- **Task objective**
Copy each line of the entries that includes the word "Long".

- **Brief descriptive captions**
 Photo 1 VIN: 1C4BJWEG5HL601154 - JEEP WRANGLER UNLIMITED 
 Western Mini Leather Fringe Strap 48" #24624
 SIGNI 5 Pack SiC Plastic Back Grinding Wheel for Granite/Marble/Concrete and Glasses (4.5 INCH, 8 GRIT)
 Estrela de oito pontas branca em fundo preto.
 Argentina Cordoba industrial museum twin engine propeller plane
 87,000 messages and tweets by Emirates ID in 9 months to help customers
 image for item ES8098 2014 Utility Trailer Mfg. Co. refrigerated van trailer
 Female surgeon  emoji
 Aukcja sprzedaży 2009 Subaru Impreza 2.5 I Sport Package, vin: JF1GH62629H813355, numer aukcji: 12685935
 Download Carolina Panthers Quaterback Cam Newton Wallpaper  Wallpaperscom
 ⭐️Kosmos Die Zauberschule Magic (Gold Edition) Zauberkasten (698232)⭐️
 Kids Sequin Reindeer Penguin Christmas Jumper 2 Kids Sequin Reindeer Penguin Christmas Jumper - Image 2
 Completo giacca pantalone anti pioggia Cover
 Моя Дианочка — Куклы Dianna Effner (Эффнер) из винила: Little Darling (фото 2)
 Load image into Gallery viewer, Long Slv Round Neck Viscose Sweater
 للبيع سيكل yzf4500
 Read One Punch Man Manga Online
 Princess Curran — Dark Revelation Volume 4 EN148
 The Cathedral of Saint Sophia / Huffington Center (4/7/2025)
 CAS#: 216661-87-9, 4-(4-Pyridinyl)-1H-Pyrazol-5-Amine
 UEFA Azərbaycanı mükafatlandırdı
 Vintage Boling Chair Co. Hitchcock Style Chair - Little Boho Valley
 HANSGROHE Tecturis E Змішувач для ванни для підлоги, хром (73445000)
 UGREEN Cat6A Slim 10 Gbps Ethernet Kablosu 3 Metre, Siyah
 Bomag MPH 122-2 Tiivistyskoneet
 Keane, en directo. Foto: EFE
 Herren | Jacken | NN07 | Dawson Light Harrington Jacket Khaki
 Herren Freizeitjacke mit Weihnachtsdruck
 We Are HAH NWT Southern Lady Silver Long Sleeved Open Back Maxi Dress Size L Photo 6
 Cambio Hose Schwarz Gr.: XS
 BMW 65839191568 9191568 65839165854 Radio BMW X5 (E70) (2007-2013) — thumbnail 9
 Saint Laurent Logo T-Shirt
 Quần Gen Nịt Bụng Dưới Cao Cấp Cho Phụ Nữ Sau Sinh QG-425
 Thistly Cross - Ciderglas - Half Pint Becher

- **Finished task**
 Load image into Gallery viewer, Long Slv Round Neck Viscose Sweater
 We Are HAH NWT Southern Lady Silver Long Sleeved Open Back Maxi Dress Size L Photo 6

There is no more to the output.